(Dataset extract begins)

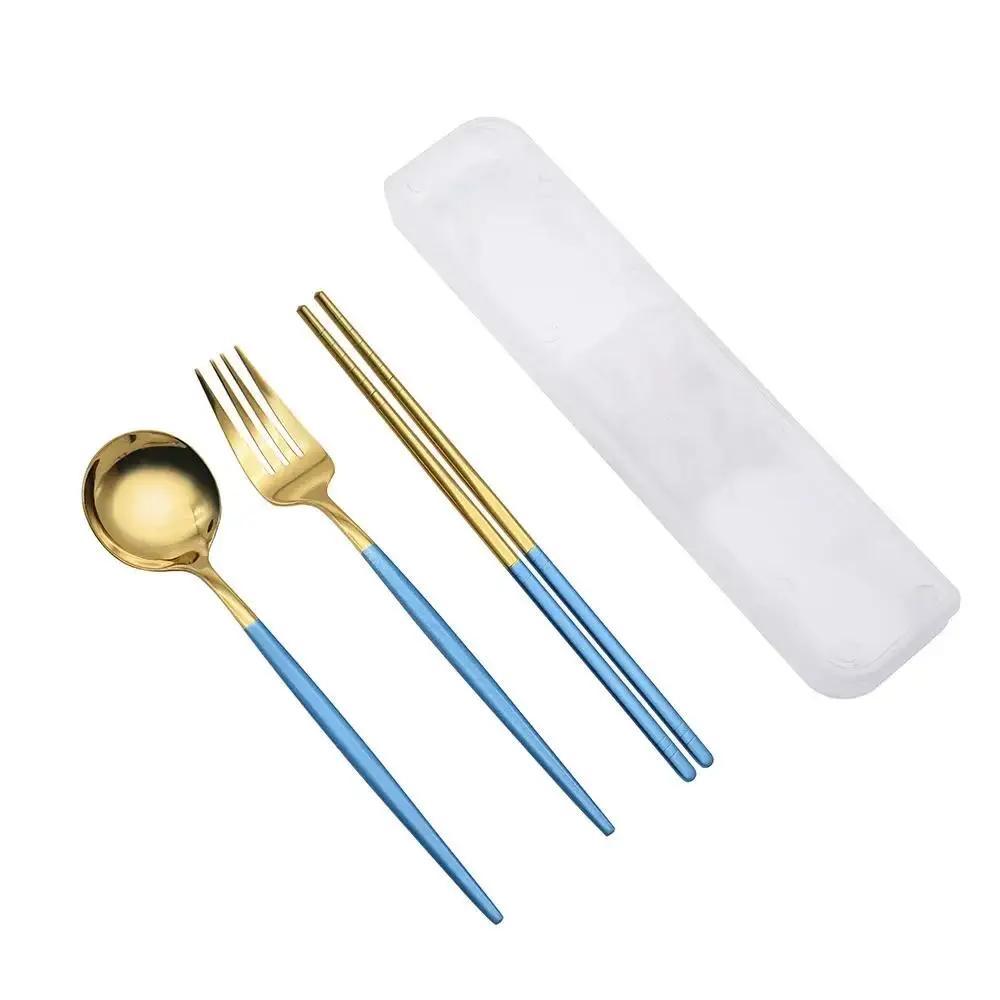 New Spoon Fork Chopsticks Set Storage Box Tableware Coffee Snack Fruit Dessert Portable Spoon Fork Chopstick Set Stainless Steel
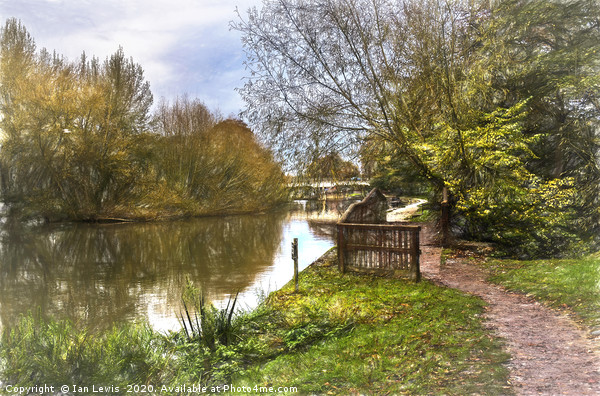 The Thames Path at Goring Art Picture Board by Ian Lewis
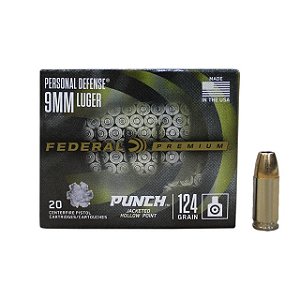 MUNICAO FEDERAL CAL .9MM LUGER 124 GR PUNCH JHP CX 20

(Dataset extract ends)

- Problem details
With the pictures removed, write the listing out word for word.

- Reply to the exercise
 New Spoon Fork Chopsticks Set Storage Box Tableware Coffee Snack Fruit Dessert Portable Spoon Fork Chopstick Set Stainless Steel
 The Thames Path at Goring Art Picture Board by Ian Lewis
 MUNICAO FEDERAL CAL .9MM LUGER 124 GR PUNCH JHP CX 20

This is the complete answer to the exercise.